# [What you will do]
This exercise needs all of the entries set down again, exactly as they read.

|---|

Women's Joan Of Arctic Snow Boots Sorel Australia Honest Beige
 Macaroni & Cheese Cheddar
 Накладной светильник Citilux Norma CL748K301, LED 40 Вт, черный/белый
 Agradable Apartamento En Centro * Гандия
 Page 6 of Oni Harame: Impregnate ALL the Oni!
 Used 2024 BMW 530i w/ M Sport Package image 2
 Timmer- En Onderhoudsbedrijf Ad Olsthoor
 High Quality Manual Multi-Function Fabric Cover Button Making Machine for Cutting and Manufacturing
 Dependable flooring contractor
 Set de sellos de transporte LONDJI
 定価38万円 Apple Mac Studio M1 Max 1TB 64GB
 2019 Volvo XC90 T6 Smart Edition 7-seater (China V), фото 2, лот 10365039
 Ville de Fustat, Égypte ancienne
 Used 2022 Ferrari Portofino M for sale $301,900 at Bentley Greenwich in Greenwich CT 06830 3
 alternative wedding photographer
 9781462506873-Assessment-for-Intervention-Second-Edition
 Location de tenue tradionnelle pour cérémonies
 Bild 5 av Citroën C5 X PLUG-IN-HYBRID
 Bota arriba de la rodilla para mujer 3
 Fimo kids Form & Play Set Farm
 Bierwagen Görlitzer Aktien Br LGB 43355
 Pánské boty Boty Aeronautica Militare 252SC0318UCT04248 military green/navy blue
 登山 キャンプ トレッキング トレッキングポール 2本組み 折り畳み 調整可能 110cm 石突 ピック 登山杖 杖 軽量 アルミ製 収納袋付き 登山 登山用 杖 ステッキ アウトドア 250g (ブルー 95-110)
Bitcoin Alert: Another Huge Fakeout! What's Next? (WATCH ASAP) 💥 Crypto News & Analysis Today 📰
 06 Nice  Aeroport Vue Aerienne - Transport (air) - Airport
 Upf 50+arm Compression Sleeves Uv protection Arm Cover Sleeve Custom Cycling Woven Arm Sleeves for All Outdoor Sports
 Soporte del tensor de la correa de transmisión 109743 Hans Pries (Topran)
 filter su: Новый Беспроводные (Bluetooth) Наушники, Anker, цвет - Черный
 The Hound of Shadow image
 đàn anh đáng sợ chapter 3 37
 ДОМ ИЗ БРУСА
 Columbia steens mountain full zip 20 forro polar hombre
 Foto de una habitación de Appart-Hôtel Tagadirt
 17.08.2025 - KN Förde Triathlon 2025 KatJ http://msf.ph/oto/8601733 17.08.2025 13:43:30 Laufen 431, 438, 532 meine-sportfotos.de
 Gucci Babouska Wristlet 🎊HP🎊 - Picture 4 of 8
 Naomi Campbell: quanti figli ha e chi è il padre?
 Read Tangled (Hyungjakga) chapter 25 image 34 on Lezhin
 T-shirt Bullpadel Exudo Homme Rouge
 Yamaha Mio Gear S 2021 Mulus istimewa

|---|

# [Answer space]
Women's Joan Of Arctic Snow Boots Sorel Australia Honest Beige
 Macaroni & Cheese Cheddar
 Накладной светильник Citilux Norma CL748K301, LED 40 Вт, черный/белый
 Agradable Apartamento En Centro * Гандия
 Page 6 of Oni Harame: Impregnate ALL the Oni!
 Used 2024 BMW 530i w/ M Sport Package image 2
 Timmer- En Onderhoudsbedrijf Ad Olsthoor
 High Quality Manual Multi-Function Fabric Cover Button Making Machine for Cutting and Manufacturing
 Dependable flooring contractor
 Set de sellos de transporte LONDJI
 定価38万円 Apple Mac Studio M1 Max 1TB 64GB
 2019 Volvo XC90 T6 Smart Edition 7-seater (China V), фото 2, лот 10365039
 Ville de Fustat, Égypte ancienne
 Used 2022 Ferrari Portofino M for sale $301,900 at Bentley Greenwich in Greenwich CT 06830 3
 alternative wedding photographer
 9781462506873-Assessment-for-Intervention-Second-Edition
 Location de tenue tradionnelle pour cérémonies
 Bild 5 av Citroën C5 X PLUG-IN-HYBRID
 Bota arriba de la rodilla para mujer 3
 Fimo kids Form & Play Set Farm
 Bierwagen Görlitzer Aktien Br LGB 43355
 Pánské boty Boty Aeronautica Militare 252SC0318UCT04248 military green/navy blue
 登山 キャンプ トレッキング トレッキングポール 2本組み 折り畳み 調整可能 110cm 石突 ピック 登山杖 杖 軽量 アルミ製 収納袋付き 登山 登山用 杖 ステッキ アウトドア 250g (ブルー 95-110)
Bitcoin Alert: Another Huge Fakeout! What's Next? (WATCH ASAP) 💥 Crypto News & Analysis Today 📰
 06 Nice  Aeroport Vue Aerienne - Transport (air) - Airport
 Upf 50+arm Compression Sleeves Uv protection Arm Cover Sleeve Custom Cycling Woven Arm Sleeves for All Outdoor Sports
 Soporte del tensor de la correa de transmisión 109743 Hans Pries (Topran)
 filter su: Новый Беспроводные (Bluetooth) Наушники, Anker, цвет - Черный
 The Hound of Shadow image
 đàn anh đáng sợ chapter 3 37
 ДОМ ИЗ БРУСА
 Columbia steens mountain full zip 20 forro polar hombre
 Foto de una habitación de Appart-Hôtel Tagadirt
 17.08.2025 - KN Förde Triathlon 2025 KatJ http://msf.ph/oto/8601733 17.08.2025 13:43:30 Laufen 431, 438, 532 meine-sportfotos.de
 Gucci Babouska Wristlet 🎊HP🎊 - Picture 4 of 8
 Naomi Campbell: quanti figli ha e chi è il padre?
 Read Tangled (Hyungjakga) chapter 25 image 34 on Lezhin
 T-shirt Bullpadel Exudo Homme Rouge
 Yamaha Mio Gear S 2021 Mulus istimewa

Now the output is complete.